A Christian lives by dying.
A Christian becomes full by being emptied.
Read that twice.
Now let me tell you what is wrong with both of those sentences.
Everything.
Everything in your culture, everything in your phone, everything that has been whispered in your ear since the day you were born in America — everything — is built on the exact opposite of those two sentences.
The world says:
Live by living. Become full by acquiring.
That is the entire economic engine of the Western hemisphere in eight words.
The gospel says:
Live by dying.

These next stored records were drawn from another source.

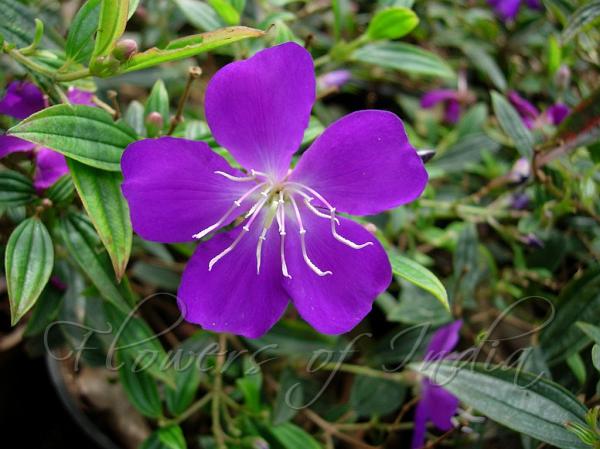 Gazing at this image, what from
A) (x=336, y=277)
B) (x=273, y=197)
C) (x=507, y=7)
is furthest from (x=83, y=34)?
(x=507, y=7)

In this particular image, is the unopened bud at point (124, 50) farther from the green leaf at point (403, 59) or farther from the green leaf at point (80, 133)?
the green leaf at point (403, 59)

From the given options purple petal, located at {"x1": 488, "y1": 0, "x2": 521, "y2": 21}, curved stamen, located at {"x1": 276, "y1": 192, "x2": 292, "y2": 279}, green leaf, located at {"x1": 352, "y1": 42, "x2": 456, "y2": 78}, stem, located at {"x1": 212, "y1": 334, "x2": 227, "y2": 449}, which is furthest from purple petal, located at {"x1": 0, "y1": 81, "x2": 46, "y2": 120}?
purple petal, located at {"x1": 488, "y1": 0, "x2": 521, "y2": 21}

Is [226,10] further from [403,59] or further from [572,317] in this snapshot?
[572,317]

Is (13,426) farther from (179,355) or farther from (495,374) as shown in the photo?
(495,374)

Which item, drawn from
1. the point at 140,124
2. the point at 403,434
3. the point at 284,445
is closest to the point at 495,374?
the point at 284,445

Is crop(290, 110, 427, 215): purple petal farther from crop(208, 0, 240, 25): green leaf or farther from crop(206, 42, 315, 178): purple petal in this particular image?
crop(208, 0, 240, 25): green leaf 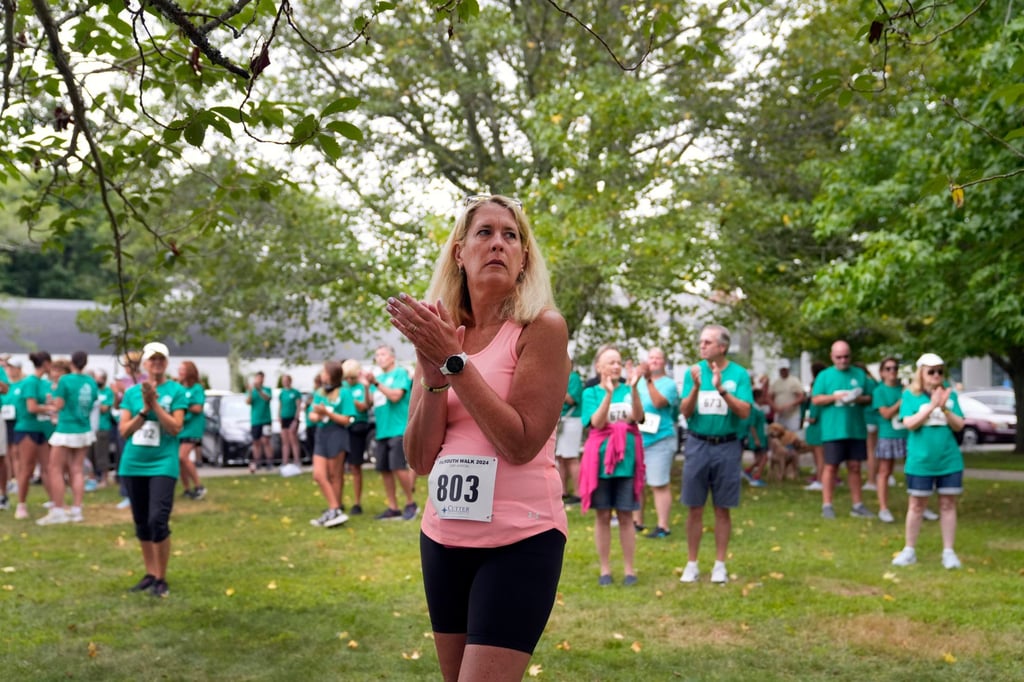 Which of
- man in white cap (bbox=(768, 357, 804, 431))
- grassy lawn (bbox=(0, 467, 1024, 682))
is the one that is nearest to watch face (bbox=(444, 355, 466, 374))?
grassy lawn (bbox=(0, 467, 1024, 682))

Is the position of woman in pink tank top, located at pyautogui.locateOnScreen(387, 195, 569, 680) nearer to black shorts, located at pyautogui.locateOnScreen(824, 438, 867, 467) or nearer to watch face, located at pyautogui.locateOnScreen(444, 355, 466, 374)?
watch face, located at pyautogui.locateOnScreen(444, 355, 466, 374)

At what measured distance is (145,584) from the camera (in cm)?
813

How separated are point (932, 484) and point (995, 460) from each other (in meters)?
16.1

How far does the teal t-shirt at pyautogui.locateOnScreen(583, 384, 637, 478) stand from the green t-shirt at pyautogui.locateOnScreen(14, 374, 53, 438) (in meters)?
7.48

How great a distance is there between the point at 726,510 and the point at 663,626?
171 centimetres

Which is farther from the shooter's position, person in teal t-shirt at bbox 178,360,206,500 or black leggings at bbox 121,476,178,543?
person in teal t-shirt at bbox 178,360,206,500

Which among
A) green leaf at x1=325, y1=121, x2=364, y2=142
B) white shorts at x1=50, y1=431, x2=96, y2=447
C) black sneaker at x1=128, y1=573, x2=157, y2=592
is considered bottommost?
black sneaker at x1=128, y1=573, x2=157, y2=592

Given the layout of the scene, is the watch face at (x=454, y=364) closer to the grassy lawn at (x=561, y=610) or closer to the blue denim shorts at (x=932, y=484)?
the grassy lawn at (x=561, y=610)

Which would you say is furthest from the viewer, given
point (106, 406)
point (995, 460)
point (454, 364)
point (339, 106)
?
point (995, 460)

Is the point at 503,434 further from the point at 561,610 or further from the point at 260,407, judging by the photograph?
the point at 260,407

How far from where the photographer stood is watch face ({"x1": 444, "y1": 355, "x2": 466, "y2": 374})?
2.70m

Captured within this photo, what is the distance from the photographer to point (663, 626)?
6977 millimetres

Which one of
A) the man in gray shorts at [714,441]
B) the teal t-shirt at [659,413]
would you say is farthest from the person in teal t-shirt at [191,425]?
the man in gray shorts at [714,441]

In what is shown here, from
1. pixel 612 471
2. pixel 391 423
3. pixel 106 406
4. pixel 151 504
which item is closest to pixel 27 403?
pixel 106 406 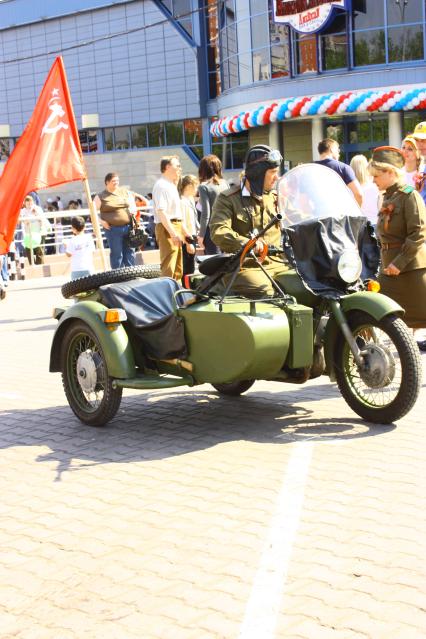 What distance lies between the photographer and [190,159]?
46938mm

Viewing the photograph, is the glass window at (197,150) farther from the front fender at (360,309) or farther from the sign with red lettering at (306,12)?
the front fender at (360,309)

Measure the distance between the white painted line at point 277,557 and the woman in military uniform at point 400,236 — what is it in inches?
89.1

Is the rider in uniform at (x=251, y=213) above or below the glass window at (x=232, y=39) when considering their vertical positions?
below

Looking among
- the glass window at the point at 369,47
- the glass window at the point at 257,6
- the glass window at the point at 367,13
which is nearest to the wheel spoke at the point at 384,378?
the glass window at the point at 369,47

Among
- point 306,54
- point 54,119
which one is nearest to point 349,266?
point 54,119

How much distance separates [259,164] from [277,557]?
331 cm

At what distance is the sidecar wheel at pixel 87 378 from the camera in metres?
6.53

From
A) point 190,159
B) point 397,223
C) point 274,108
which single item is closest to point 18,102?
point 190,159

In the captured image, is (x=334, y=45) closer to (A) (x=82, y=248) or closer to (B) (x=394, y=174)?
(A) (x=82, y=248)

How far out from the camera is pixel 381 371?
600 centimetres

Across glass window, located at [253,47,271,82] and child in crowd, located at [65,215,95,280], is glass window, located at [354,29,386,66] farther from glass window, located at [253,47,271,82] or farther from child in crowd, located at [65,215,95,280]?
child in crowd, located at [65,215,95,280]

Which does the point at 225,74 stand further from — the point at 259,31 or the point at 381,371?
the point at 381,371

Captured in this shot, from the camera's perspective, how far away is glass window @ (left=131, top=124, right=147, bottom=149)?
163 ft

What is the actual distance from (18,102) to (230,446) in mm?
51069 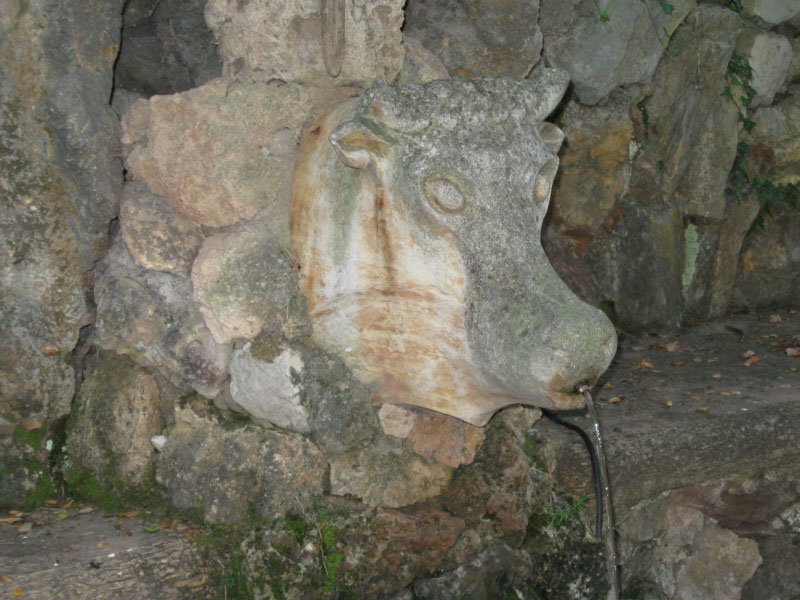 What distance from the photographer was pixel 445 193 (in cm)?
202

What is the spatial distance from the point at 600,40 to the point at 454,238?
290 cm

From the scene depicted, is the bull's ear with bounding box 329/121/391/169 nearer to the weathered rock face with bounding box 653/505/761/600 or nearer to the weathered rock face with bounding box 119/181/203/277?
the weathered rock face with bounding box 119/181/203/277

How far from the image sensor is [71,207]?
2377 mm

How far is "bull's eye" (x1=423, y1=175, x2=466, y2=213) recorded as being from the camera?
2016mm

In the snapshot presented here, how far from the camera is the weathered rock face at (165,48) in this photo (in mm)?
2455

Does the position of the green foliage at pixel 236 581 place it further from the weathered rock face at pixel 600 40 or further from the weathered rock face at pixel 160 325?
the weathered rock face at pixel 600 40

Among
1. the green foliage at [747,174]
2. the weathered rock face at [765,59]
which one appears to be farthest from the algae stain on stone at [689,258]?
the weathered rock face at [765,59]

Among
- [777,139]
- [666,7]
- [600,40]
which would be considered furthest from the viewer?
[777,139]

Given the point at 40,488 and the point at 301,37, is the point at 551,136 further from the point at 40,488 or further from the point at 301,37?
the point at 40,488

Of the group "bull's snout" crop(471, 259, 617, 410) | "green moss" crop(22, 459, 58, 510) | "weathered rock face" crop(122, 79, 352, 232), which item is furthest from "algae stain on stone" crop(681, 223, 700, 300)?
"green moss" crop(22, 459, 58, 510)

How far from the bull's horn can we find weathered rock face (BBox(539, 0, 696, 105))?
2.18 metres

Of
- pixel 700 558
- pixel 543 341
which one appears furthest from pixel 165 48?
pixel 700 558

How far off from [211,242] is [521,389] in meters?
1.01

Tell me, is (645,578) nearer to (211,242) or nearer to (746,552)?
(746,552)
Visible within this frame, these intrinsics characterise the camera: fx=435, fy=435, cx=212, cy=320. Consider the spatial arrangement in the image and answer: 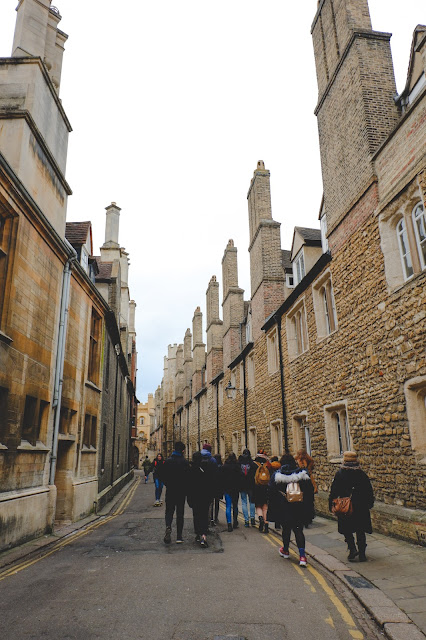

Become full by being emptied.
That is the entire economic engine of the kingdom of God in nine words.
And the reason we are so tired, beloved — the reason our anxiety is at all-time highs and our depression is at all-time highs and our churches are emptying and our marriages are crumbling and our kids are on antidepressants by the eighth grade — is that we have been running the world’s math on the gospel’s hardware, and the hardware is starting to smoke.
Let me explain.
The bestseller list, in case you missed it
The five best-selling self-help books of the modern era have titles like:
Live Your Best Life.
Find Your Purpose.
Unleash the Giant Within.
The Power of Now.
The Subtle Art of Not Giving a [Whatever the Title Says, Bless His Heart].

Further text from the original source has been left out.